A special note is made here about the little-known war in the Oman, which lasted from 1968 to 1975. The British Government were requested to provide troops to support the Sultan of Oman in his endeavour to prevent Marxist groups in the province of Dhofar from overthrowing him. Elements of The 22nd Special Air Service Regiment were deployed to the area in 1972. At dawn on 19th July, a large rebel force, of about 250 strong, attacked the Port of Mirbat. When the battle started Corporal Labalaba and Trooper Takavesi, both members of a nine-man Special Air Service Civil Action Team, went to man a 25-pounder gun just outside the walls of the fort, North-West of the town. Gunner Walid Khalfan of the Oman Artillery was already there. It immediately became clear that the main enemy thrust was being directed against the fort, and in particular against the gun, which was firing at point blank range over open sights. Before long, the entire crew were wounded. Captain M J A Kealy, of the 1st Battalion The Queen’s Regiment, the commander of the Special Air Service detachment, and Trooper Tobin, who was a trained Medical Orderly, then ran under fire from the main Special Air Service position to help save the gun.

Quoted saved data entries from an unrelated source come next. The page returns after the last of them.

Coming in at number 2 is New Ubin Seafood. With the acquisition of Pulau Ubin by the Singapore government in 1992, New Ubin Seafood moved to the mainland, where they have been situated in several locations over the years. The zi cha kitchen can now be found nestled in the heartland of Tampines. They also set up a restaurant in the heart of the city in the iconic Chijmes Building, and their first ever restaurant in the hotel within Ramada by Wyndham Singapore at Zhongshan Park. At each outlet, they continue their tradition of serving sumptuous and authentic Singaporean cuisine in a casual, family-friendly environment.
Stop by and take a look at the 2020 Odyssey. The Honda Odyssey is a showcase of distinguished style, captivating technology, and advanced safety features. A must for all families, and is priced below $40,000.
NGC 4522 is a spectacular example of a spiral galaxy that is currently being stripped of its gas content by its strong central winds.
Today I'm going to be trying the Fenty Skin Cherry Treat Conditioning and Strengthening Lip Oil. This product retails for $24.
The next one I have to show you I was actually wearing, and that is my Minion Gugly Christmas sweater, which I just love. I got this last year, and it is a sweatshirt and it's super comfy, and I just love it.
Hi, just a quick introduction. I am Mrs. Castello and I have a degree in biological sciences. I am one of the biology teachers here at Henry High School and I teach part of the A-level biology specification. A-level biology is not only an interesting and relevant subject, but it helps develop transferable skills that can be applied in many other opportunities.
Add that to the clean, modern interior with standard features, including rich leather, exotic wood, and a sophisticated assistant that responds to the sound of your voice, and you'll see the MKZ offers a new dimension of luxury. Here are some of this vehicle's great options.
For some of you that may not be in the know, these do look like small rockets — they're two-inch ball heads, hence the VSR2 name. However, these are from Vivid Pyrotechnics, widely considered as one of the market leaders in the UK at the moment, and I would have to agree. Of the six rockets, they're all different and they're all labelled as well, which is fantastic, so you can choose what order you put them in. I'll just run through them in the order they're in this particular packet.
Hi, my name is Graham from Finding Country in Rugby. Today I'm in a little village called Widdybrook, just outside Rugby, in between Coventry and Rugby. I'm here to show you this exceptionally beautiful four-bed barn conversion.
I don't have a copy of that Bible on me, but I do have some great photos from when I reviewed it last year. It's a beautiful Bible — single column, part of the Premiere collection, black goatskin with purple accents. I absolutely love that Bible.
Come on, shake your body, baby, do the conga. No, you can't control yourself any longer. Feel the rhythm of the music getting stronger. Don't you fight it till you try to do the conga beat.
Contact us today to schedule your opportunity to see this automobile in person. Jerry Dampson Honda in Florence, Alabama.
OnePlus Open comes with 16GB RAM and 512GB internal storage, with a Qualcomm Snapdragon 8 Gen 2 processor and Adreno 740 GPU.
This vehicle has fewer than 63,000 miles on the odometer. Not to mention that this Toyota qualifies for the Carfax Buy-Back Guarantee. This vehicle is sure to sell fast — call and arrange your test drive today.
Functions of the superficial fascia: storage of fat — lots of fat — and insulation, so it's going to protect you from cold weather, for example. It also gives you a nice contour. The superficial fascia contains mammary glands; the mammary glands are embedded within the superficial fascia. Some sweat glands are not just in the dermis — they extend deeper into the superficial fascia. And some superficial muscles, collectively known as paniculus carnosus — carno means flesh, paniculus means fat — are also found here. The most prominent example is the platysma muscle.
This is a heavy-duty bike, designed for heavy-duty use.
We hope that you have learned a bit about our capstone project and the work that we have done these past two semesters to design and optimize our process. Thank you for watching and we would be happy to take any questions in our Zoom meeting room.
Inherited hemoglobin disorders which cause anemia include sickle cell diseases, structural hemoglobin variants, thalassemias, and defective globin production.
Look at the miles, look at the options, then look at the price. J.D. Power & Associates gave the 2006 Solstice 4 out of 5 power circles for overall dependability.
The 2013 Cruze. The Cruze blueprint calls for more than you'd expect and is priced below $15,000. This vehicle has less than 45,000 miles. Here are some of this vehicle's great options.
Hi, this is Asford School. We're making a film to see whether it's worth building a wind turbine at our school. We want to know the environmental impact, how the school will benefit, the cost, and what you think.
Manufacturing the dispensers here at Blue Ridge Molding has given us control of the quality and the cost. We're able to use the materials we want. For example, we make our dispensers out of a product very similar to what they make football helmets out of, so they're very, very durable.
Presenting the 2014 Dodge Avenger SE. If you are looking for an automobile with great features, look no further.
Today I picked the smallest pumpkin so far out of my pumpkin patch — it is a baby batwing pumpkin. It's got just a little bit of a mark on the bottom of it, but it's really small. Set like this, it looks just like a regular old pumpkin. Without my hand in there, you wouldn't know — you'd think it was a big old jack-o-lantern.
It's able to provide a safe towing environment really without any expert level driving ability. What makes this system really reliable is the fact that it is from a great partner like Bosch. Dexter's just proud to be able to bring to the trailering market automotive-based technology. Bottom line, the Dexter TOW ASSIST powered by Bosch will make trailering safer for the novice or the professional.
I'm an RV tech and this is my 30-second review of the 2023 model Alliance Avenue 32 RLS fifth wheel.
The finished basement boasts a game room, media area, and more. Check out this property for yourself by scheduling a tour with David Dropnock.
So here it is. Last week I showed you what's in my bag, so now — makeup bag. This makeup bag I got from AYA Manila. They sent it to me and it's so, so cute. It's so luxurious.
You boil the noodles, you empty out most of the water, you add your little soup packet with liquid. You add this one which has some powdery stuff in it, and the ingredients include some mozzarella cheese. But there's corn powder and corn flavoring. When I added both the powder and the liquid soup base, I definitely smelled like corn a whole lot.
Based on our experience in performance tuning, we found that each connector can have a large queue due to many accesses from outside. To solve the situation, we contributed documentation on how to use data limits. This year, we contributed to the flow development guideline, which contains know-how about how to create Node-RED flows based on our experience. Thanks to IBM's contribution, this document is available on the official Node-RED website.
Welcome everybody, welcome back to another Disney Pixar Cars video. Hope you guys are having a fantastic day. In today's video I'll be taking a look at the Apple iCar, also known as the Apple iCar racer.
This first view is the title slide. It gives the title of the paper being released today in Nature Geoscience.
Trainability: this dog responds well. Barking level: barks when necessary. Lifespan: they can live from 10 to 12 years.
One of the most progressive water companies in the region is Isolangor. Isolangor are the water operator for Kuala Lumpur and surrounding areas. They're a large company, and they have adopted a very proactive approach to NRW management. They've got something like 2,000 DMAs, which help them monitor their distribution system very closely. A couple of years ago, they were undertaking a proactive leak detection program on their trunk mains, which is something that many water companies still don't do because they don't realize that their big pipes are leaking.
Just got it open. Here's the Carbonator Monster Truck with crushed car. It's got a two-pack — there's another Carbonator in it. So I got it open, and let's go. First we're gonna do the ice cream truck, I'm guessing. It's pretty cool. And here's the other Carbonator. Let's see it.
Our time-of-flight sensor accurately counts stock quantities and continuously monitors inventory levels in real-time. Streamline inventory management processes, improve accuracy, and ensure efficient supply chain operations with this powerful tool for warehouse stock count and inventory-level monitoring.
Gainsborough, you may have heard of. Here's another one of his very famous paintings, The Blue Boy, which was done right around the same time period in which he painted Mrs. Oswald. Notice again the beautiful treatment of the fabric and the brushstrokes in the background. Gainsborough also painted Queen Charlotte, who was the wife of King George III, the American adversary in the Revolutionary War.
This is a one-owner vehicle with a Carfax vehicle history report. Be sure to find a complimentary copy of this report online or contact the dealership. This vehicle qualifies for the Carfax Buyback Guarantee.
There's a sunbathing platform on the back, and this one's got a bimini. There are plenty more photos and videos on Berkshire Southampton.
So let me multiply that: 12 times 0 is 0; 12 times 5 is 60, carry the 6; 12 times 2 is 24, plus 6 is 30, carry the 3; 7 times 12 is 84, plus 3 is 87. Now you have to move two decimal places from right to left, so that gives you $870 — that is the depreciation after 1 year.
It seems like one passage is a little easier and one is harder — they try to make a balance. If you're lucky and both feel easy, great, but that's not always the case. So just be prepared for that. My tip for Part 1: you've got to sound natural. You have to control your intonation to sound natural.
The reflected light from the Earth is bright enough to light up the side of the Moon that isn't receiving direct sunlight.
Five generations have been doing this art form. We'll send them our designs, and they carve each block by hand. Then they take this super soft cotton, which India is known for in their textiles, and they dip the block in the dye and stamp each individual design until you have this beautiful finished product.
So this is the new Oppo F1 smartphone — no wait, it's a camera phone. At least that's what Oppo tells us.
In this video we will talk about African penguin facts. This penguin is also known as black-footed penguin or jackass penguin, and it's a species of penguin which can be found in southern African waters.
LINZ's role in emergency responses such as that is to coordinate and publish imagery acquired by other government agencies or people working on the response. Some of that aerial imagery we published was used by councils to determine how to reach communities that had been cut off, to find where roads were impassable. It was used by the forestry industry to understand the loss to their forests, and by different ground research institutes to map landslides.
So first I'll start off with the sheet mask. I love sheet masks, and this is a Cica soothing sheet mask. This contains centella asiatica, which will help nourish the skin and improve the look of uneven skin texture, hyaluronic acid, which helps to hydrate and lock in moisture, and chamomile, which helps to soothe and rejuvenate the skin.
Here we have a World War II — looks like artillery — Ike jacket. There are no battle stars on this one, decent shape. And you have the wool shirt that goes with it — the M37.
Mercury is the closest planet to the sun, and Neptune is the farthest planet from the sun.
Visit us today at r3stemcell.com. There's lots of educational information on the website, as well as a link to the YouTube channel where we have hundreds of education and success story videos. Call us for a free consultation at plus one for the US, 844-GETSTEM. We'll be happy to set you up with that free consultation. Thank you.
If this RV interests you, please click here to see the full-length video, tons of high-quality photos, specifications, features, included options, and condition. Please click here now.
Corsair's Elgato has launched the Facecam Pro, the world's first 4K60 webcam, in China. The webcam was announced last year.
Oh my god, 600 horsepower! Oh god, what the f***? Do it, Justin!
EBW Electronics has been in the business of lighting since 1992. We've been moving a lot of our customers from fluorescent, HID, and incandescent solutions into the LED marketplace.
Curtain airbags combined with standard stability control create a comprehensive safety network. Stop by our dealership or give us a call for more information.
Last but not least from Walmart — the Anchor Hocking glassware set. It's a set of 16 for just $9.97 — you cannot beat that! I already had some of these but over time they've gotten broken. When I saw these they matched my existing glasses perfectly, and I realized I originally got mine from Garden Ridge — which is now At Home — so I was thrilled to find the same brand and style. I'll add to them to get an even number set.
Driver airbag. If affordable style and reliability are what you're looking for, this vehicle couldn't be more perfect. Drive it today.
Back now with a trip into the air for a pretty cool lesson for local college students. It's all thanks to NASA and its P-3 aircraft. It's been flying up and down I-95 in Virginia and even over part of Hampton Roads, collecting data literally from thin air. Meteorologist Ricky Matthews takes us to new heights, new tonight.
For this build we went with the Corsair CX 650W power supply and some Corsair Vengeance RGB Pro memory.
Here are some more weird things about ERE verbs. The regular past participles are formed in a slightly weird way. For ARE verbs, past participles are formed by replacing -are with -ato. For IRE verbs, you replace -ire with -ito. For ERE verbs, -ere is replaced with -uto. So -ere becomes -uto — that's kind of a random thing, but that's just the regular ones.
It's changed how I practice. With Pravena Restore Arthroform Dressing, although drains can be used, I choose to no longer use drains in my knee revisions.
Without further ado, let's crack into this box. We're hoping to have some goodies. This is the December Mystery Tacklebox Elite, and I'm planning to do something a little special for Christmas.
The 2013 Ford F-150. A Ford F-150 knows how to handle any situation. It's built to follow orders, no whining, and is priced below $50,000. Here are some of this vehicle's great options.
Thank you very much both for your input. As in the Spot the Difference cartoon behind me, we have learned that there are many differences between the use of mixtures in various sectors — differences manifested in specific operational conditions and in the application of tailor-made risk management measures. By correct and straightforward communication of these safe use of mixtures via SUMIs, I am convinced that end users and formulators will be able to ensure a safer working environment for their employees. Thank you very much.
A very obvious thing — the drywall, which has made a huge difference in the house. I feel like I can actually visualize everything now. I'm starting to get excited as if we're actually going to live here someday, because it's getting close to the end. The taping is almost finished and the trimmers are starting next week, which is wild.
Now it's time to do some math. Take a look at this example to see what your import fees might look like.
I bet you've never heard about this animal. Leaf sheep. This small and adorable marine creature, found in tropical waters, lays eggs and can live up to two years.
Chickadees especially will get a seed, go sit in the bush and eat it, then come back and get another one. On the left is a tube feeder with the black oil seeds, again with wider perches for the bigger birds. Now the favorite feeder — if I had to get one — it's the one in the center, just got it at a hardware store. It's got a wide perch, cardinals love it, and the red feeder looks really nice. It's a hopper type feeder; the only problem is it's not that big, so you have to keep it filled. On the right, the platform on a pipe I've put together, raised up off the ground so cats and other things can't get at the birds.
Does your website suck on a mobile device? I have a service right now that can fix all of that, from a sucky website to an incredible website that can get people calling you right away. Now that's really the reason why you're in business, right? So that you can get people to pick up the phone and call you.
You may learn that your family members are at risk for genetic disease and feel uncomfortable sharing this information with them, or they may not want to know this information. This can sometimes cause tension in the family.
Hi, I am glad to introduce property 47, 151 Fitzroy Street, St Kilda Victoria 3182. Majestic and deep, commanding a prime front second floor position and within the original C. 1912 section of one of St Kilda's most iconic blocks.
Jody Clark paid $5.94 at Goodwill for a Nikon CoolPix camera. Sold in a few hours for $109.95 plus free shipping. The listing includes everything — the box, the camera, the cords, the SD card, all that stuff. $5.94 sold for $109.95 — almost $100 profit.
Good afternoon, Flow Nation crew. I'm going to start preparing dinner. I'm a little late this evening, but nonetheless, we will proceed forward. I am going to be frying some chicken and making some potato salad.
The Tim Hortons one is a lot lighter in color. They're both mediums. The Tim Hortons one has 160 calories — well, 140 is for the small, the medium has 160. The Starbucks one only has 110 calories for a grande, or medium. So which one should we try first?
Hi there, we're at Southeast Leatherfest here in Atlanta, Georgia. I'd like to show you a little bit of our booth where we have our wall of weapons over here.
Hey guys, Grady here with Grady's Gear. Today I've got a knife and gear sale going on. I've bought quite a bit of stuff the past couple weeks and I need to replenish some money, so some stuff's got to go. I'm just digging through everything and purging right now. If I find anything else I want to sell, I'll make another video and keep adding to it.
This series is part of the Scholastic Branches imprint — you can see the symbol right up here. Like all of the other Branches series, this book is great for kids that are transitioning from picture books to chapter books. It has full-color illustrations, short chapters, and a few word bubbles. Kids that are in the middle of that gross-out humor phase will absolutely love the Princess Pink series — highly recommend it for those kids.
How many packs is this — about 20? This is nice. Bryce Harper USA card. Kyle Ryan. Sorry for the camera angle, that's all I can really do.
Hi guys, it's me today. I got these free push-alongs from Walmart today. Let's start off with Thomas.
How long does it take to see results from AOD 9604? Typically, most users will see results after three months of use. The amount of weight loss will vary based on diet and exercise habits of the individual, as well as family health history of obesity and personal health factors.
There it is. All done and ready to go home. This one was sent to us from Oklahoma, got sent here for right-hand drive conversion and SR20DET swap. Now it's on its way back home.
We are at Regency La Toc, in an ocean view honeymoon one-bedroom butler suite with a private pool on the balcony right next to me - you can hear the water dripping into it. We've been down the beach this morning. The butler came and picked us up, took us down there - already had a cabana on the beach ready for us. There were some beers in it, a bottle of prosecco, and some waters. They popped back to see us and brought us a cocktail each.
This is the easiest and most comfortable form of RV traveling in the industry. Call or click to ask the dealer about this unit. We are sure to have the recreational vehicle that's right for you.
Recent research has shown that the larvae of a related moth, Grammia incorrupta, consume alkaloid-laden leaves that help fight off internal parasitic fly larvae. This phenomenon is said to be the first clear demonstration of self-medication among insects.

The rebels continued to attack with great ferocity and made repeated attempts to take the gun, often from within grenade throwing range and despite the supporting fire from the other five Special Air Service soldiers. The action lasted nearly four hours before a relief force and an accompanying air strike drove off the enemy. During this action Corporal Labalaba was killed, Trooper Tobin fatally injured and Trooper Takavesi and Gunner Walid Khalfan both seriously wounded.

The official report records that the fate of Mirbat and of its occupants during the battle depended wholly on the resolve of the Civil Military Team. But for the action of these nine men and particularly the leadership of Captain Kealy the town would have undoubtedly fallen. Captain Kealy was awarded the DSO for his outstanding bravery. He tragically died on the Brecon Beacons on a subsequent posting to 22 SAS.